Nope. That's why I sent you the code ;-)
H.
>
> On Fri, May 31, 2013 at 3:42 AM, Hervé Pagès <hpages at fhcrc.org> wrote:
>> Hi Fabrice,
>>
>> With the loc2rsid() function (see code at the bottom) and using
>> SNPlocs.Hsapiens.dbSNP.20100427 (I don't have
>> SNPlocs.Hsapiens.dbSNP.20120608 installed at the moment):
>>
>>
>> mylocs <- GRanges(Rle(c("ch22", "chM", "ch21", "ch22"), c(2, 2, 1, 1)),
>> IRanges(c(200, 16369861, 146, 73, 9411609, 16051107),
>> width=1))
>>
>> > mylocs
>> GRanges with 6 ranges and 0 metadata columns:
>> seqnames ranges strand
>> <Rle> <IRanges> <Rle>
>> [1] ch22 [ 200, 200] *
>> [2] ch22 [16369861, 16369861] *
>> [3] chM [ 146, 146] *
>> [4] chM [ 73, 73] *
>> [5] ch21 [ 9411609, 9411609] *
>> [6] ch22 [16051107, 16051107] *
>> ---
>> seqlengths:
>> ch21 ch22 chM
>> NA NA NA
>>
>> Then:
>>
>> library(SNPlocs.Hsapiens.dbSNP.20100427)
>>
>> > loc2rsid(mylocs)
>> CharacterList of length 6
>> [[1]] character(0)
>> [[2]] rs75258394 rs78180314
>> [[3]] character(0)
>> [[4]] character(0)
>> [[5]] rs76676778
>> [[6]] rs6518357
>>
>> You need to be careful to use the same chromosome naming convention as
>> the SNPlocs package (which uses dbSNP naming convention).

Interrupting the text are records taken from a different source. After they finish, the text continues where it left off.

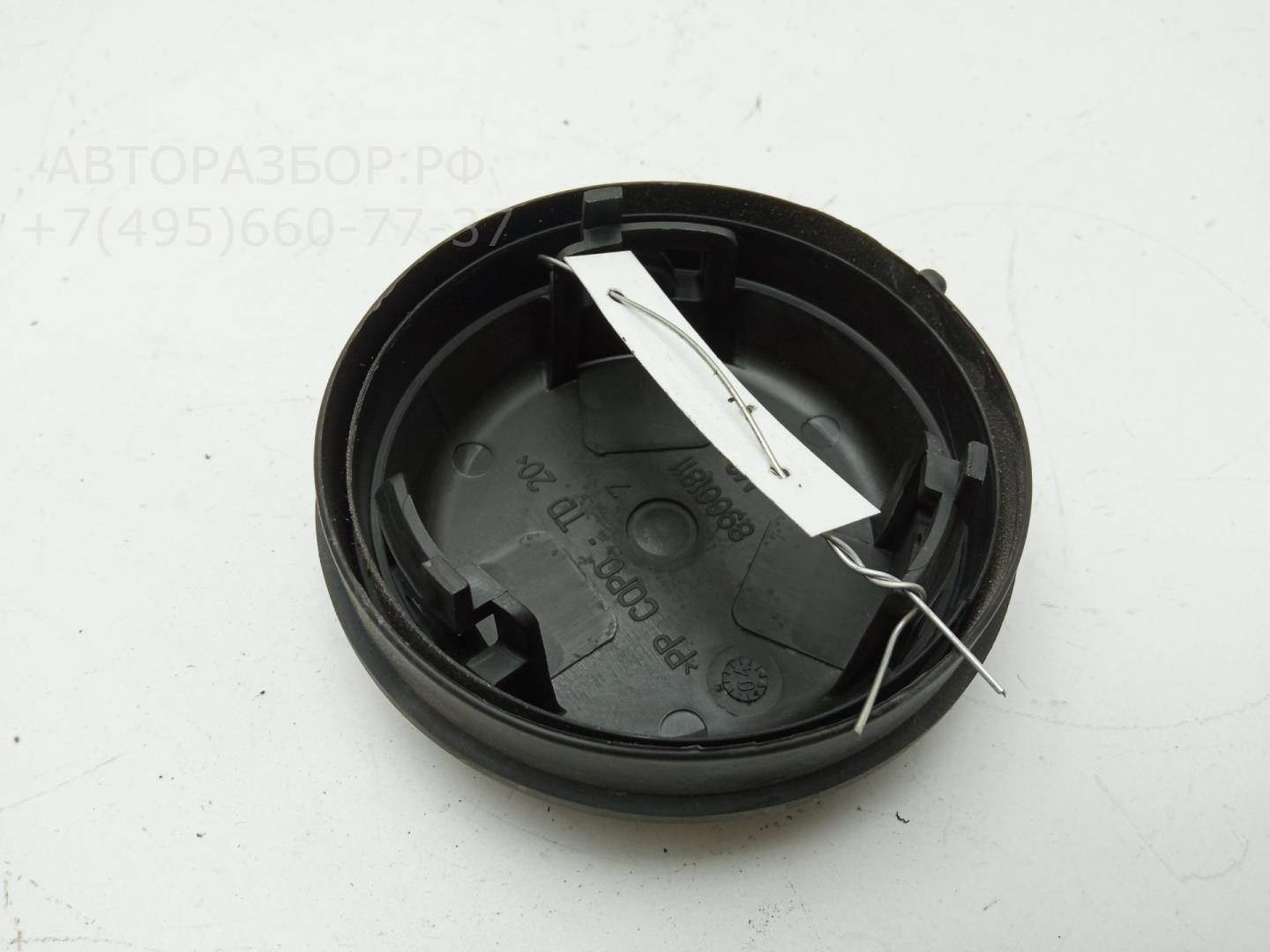 Крышка фары левой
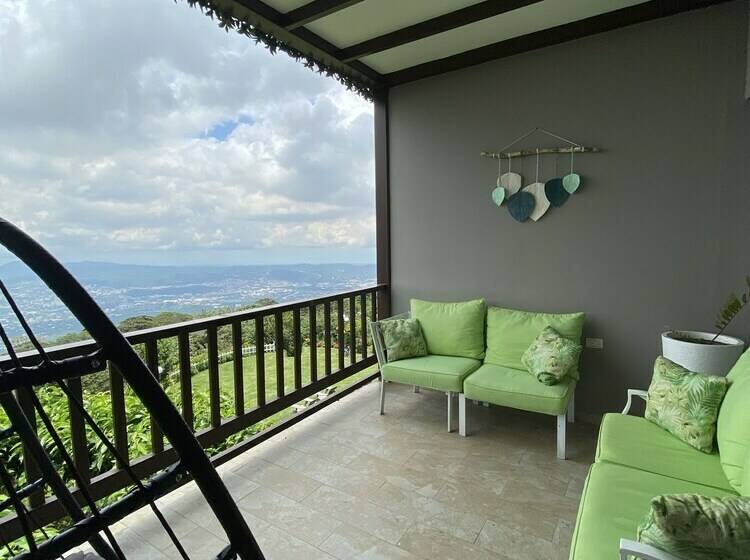 اتاق استاندارد با چشم‌انداز شهر, Verdant Hotel & Holistic Experience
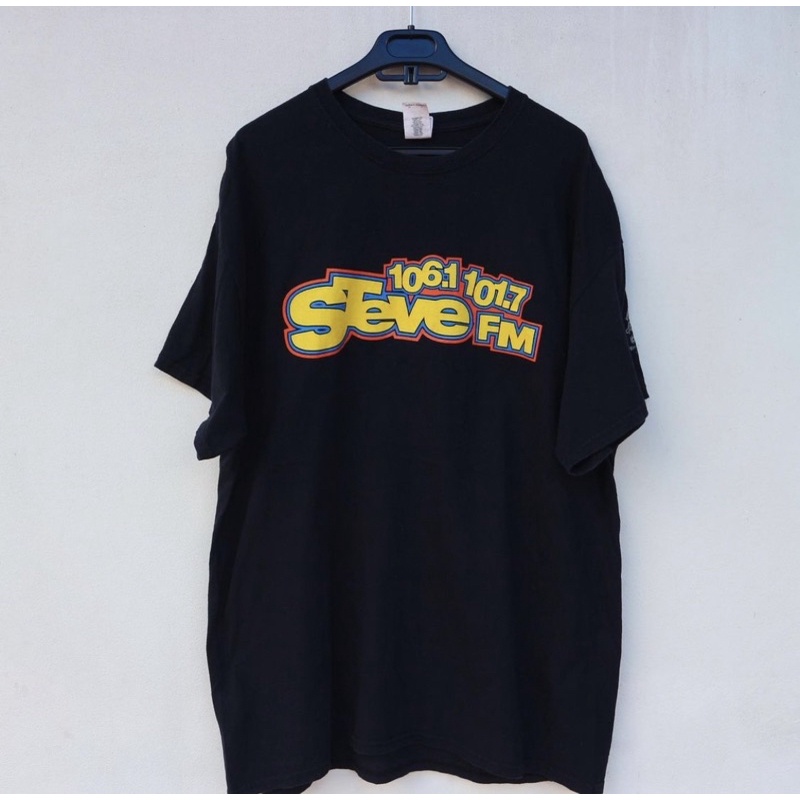 เสื้อยืดมือสอง สีดำ ลาย ''Steve FM'' 106.1/101.7 FM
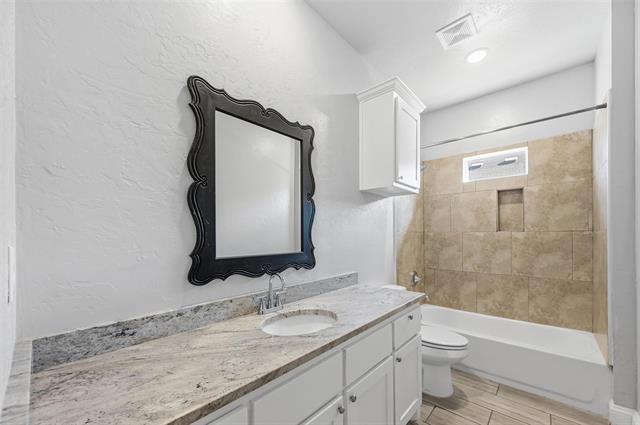 Building Photo - 2207 Henry St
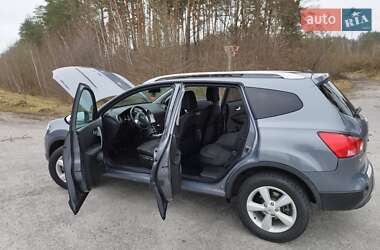 Внедорожник / Кроссовер Nissan Qashqai+2 2009 в Полонном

For example
>> in the 'mylocs' object, the mitochondrial chromosome is named chM but
>> in the SNPlocs package it's chMT:
>>
>> > getSNPcount()
>> ch1 ch2 ch3 ch4 ch5 ch6 ch7 ch8 ch9
>> ch10
>> 1369185 1422439 1186807 1191984 1064540 1040203 977275 919207 740516
>> 859433
>> ch11 ch12 ch13 ch14 ch15 ch16 ch17 ch18 ch19
>> ch20
>> 855225 822825 615382 543041 499101 556394 464686 482359 375259
>> 450685
>> ch21 ch22 chX chY chMT
>> 253480 244482 445596 53908 667
>>
>> This is why the locations on chM are not mapped to anything. But
>> after renaming:
>>
>> > seqlevels(mylocs)[3] <- "chMT"
>> > seqlevels(mylocs)
>> [1] "ch21" "ch22" "chMT"
>>
>> > loc2rsid(mylocs)
>> CharacterList of length 6
>> [[1]] character(0)
>> [[2]] rs75258394 rs78180314
>> [[3]] rs72619361
>> [[4]] rs3087742
>> [[5]] rs76676778
>> [[6]] rs6518357
>>
>> they get mapped.
>>
>> The CharacterList object returned by loc2rsid() can be set as a
>> metadata column of the input GRanges object:
>>
>> > mcols(mylocs)$rsid <- loc2rsid(mylocs)
>> > mylocs
>> GRanges with 6 ranges and 1 metadata column:
>> seqnames ranges strand | rsid
>> <Rle> <IRanges> <Rle> | <CharacterList>
>> [1] ch22 [ 200, 200] * |
>> [2] ch22 [16369861, 16369861] * | rs75258394,rs78180314
>> [3] chMT [ 146, 146] * | rs72619361
>> [4] chMT [ 73, 73] * | rs3087742
>> [5] ch21 [ 9411609, 9411609] * | rs76676778
>> [6] ch22 [16051107, 16051107] * | rs6518357
>> ---
>> seqlengths:
>> ch21 ch22 chMT
>> NA NA NA
>>
>> Hope this helps,
>> H.
>>
>>
>> ## Maps the genomic locations in 'locs' to the corresponding rs ids.
>> ## 'locs' must be a GRanges object where all ranges are of with 1.
>> ## Because dbSNP can assign distinct ids to SNPs located at the same
>> ## position, the mapping is a 1-to-many relationship.
>> ## Returns a CharacterList of the same length as 'locs'.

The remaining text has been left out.